It should come as no surprise to anyone that senior management is demanding more accountability from marketers. Even though, for some companies, profits are at record levels other brands are struggling to get and keep fickle consumers. Marketing, at its heart, is still about getting consumers to purchase your product. What has changed is that consumers have too many devices and have the attention span of someone with a severe case of ADD.
I’m always amazed at all the awards that the agency world bestows to themselves. Never is the question of “what did the advertising do for your client” asked. Instead would be Hollywood Directors take a bow for 30 second or 60 second masterpieces produced at the expense of clients.
Not too long ago I read an article that said “there is a disconnect between agencies and clients”. I have seen this many times as untalented marketers look to promote themselves instead of their products. When asked to justify their marketing budgets, they like to bury results in marketing terminology that senior executives don’t understand. But that’s starting to change.
I recently sat in, at a client’s request, on a pitch by an inbound marketing company for a consumer product. After the pitch I started to ask some questions that made the agency people very uncomfortable including “what has been the ROI on past campaigns?” and “what research do you have to support that consumers want to have an inbound marketing relationship with our product?”. In the end, I advised the client to skip the inbound marketing and focus on basics including an FSI drop. The result was over a 40% increase in sell through.

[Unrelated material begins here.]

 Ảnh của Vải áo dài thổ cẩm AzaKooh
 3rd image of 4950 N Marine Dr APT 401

It might seem like I’m anti-agency here, but I’m not. What I am really against are big agencies whose objective is to get as much money from the client as possible without any accountability. Making a VP of marketing look good while sales decline is an exercise in futility.
The number one question any marketing ask of an agency is “how can we increase sales?” The reality is that awareness of products does little to drive sell through and don’t fall the trap that your target customer wants to have a social media relationship with your brand.

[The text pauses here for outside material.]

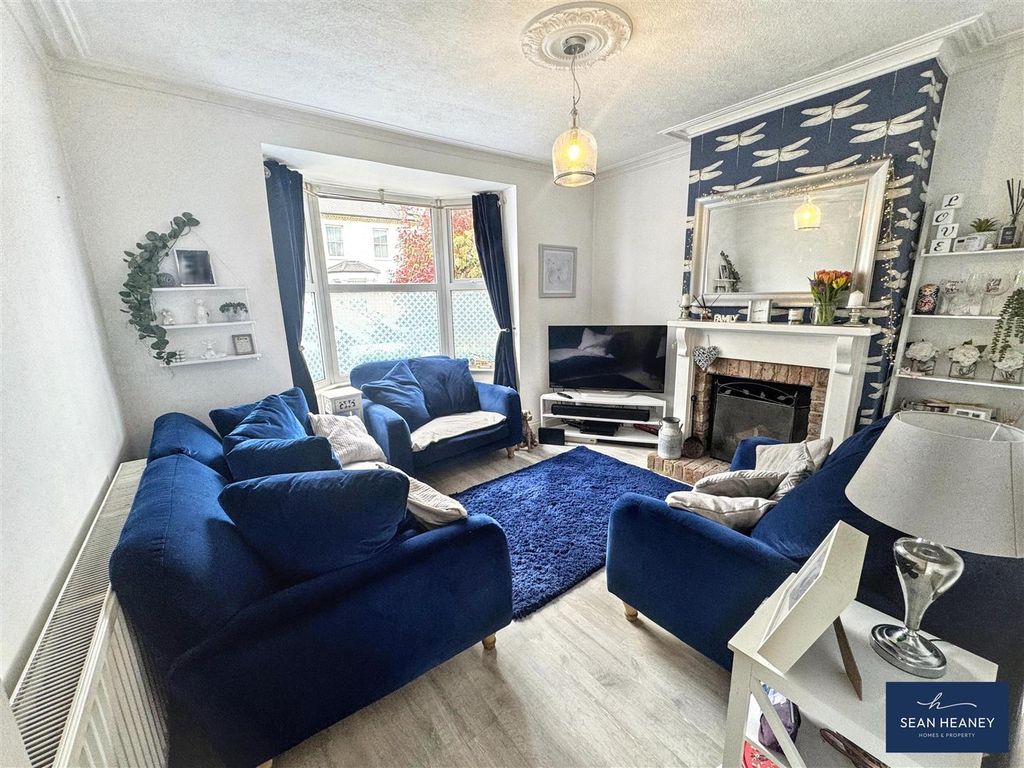 Property photo 2 of 18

The business of marketing has to change bit rather than radical change we need to get back to the basics of making customers happy and simple execution. Dropping and FSI supported by heavy up front TV does no good if your products are hard to find at retail. All your best marketing can go down the tubes if your customer service department keeps people on hold and your customer service people are not authorized to solve customer problems.
Focus more on great marketing and less on the hype by “social media experts” and you’ll do just fine.